Analysis of δ15N and δ18O to differentiate NO3− sources in runoff at two watersheds in the Catskill Mountains of New York

Abstract

To quantify the movement of atmospheric nitrogen deposition through two forested watersheds in the Catskill Mountains of New York, dual‐isotope analysis (δ15N and δ18O) was used to differentiate NO3− derived from precipitation from NO3− derived by microbial nitrification and to quantify the contributions of these sources to NO3− in drainage waters. Samples of stream water, soil water, precipitation, snowmelt, and O‐horizon soil were collected during the March and April snowmelt period of 1994 and throughout an 18‐month period from August 1995 through February 1997. The mean δ18O‐NO3− value of precipitation was +50.5‰, whereas the mean values for stream water and soil water were +17.7‰ and +23.6‰, respectively. The mean δ15N‐NO3− of precipitation was −0.2‰, that of soil water was +1.4‰, and that of stream water was +2.3‰; these values showed greater overlap among the three different waters than did the δ18O‐NO3− values, indicating that δ15N‐NO3− was not as useful for source separation.

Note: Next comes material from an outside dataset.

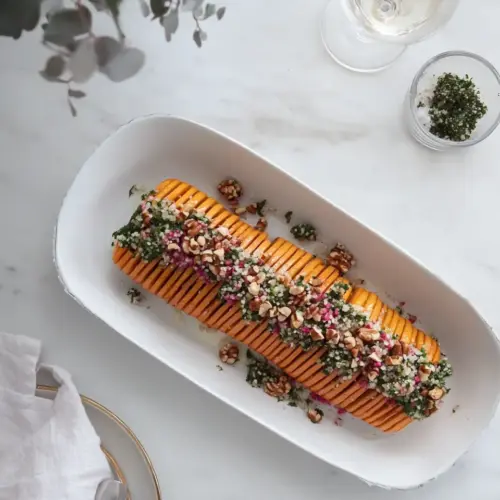 Hasselback Butternut Squash with Walnut Gremolata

Soil water δ18O‐NO3− values decreased, and δ15N‐NO3− values increased, from the O to the B and C horizons, but most of the differences among horizons were not statistically significant. Nitrate derived by nitrification in incubated soil samples had a wide range of δ15N‐NO3− values, from +1.5‰ to +16.1‰, whereas δ18O‐NO3− values ranged more narrowly, from +13.2‰ to +16.0‰. Values of δ18O‐NO3− indicated that NO3− in stream water is mainly derived from nitrification. Only during a high‐flow event that exceeded the annual flood was precipitation a major contributor to stream water NO3−. Values of δ18O‐NO3− and δ15N‐NO3− changed at differing rates as NO3− cycled through these watersheds because δ18O‐NO3− values change sharply through the incorporation of oxygen from ambient water and gas during nitrification, whereas δ15N‐NO3− values change only incrementally through fractionation during biocycling processes. The results of this study show that most NO3− is first cycled through the biota and nitrified before entering the stream.